Image source, Getty Images
Image caption, Jacob Devaney has started 11 Scottish Premiership games for St Mirren since joining on loan from Manchester United in February
On-loan Manchester United midfielder Jacob Devaney did not want a Scottish Premiership relegation play-off final to become part of his learning experience at St Mirren. The 18-year-old made that clear when he spoke exclusively to BBC Sport last week about his time in Paisley.
That scenario now seems likely, after St Mirren suffered a 3-0 home defeat to Kilmarnock at the weekend, leaving Craig McLeish’s side four points behind the Ayrshire club before Tuesday’s penultimate match of the season away to Aberdeen. If it happens, Devaney is expected to handle it with composure.
Devaney is a young man who knows his own mind. The Barnsley-born Republic of Ireland international went against his parent club’s wishes to accept the chance to join St Mirren for the second half of the season. While several teammates from Manchester United’s Under-21 side—which he captained in the first half of the campaign—have struggled for regular minutes during their own loan moves, Devaney has started for the 13th time against Kilmarnock. Interim manager Craig McLeish has trusted him to anchor the midfield despite his youth, just as predecessor Stephen Robinson did before moving to Aberdeen in March.
“St Mirren came about really late,” Devaney said of the deadline-day loan switch. “There had been conversations with Travis [Binnion, then in charge of United’s youth teams] and Stephen Torpey, the head of academy, who said I’d had a really positive start to the season and thought the next step was to go out on loan. I had somewhere else lined up, which the club wanted me to pursue, but when I heard about St Mirren, it was an opportunity I wanted to take. I’ve grown up having an eye on the Scottish league and I thought it would be a great opportunity. I’m happy with how it’s gone.”
Family Irish connections tend to make Celtic of interest, so it is a pleasant coincidence that the biggest away game Devaney has played in, and the biggest standalone match, came against Martin O’Neill’s side. Both games—in the Premiership and the Scottish Cup semi-final—ended in defeat, the former by a single goal, the latter after extra-time. But according to Devaney, the league game at Celtic Park felt familiar.

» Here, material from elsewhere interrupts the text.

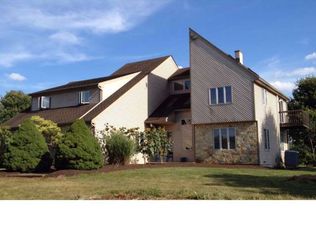 846 Rolling Hills Rd, Ottsville, PA 18942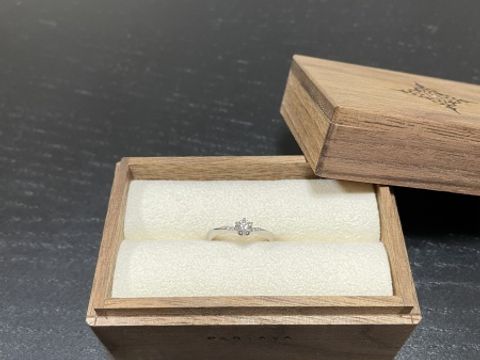 【PORTADA(ポルターダ)の口コミ】 サイトで見て1番気になっていて試着してみると自分の指にもしっくりきまし…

“It was the first game where we were driving up to the stadium and it reminded me a lot of Old Trafford,” he said. “When I went to games there as a kid, you’ve got the stalls with the scarfs and there’s hundreds of people outside the stadium watching you walk in. Playing in front of 60,000 is not something I had done before, but that was another thing that attracted me to this league. Once you get the first minute out the way and you’ve taken it all in, you blank it out. I’ve said that to my family, although they don’t quite understand how you can do that. For the level I want to go and play at, playing in front of crowds like that is obviously going to help.”
Image source, Getty Images
Image caption, Jacob Devaney was called up by the Republic of Ireland Under-21 squad in March
Devaney spent the first quarter of the season in central defence at United before switching to his preferred central midfield slot. He even started at full-back at times, which he believes is part of his United education.
“I see myself as a leader,” he said. “If you put me anywhere on the pitch, I’d like to think I’d go and do a job. Coming into United as an under-nine, you play a bit of everywhere; centre-back, right-back, centre-midfield in my case. It’s the way we are brought up, so we can all play in different positions.”